• **Requirement**:
Would you find each line in the entries below with the string "removal" and copy it?

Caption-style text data
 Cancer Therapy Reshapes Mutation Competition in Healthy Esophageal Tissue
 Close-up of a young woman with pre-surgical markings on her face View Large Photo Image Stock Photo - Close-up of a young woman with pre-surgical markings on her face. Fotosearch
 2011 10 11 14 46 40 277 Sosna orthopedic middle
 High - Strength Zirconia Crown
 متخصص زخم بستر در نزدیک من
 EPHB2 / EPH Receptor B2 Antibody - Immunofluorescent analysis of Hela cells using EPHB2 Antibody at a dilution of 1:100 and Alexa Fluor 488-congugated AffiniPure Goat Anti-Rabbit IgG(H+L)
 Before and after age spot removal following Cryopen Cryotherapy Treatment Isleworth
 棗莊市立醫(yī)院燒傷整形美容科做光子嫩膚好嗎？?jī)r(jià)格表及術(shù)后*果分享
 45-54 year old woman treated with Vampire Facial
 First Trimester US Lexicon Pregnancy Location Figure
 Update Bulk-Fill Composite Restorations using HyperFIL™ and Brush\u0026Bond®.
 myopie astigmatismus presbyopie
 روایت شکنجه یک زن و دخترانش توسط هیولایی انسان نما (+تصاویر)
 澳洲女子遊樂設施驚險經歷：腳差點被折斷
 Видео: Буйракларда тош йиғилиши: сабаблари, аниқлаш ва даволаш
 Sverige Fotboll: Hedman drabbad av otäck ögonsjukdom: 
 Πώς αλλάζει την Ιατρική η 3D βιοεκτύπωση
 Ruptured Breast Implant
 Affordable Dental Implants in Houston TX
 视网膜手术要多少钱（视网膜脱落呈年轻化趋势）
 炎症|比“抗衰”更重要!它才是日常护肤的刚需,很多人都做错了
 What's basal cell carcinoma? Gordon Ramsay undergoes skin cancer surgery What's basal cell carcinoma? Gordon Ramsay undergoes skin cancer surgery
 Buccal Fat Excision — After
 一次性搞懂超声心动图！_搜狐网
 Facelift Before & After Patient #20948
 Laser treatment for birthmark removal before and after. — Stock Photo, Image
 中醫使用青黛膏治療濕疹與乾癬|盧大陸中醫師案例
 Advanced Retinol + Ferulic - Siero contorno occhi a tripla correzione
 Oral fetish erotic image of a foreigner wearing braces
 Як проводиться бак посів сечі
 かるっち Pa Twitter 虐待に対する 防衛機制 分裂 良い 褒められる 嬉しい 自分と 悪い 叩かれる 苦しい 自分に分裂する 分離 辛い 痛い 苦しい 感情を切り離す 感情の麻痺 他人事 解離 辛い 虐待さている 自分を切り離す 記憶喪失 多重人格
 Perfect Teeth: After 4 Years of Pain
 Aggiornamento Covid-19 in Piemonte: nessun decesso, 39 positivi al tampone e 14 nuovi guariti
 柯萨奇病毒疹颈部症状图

• **Your solution**:
 Before and after age spot removal following Cryopen Cryotherapy Treatment Isleworth
 Laser treatment for birthmark removal before and after. — Stock Photo, Image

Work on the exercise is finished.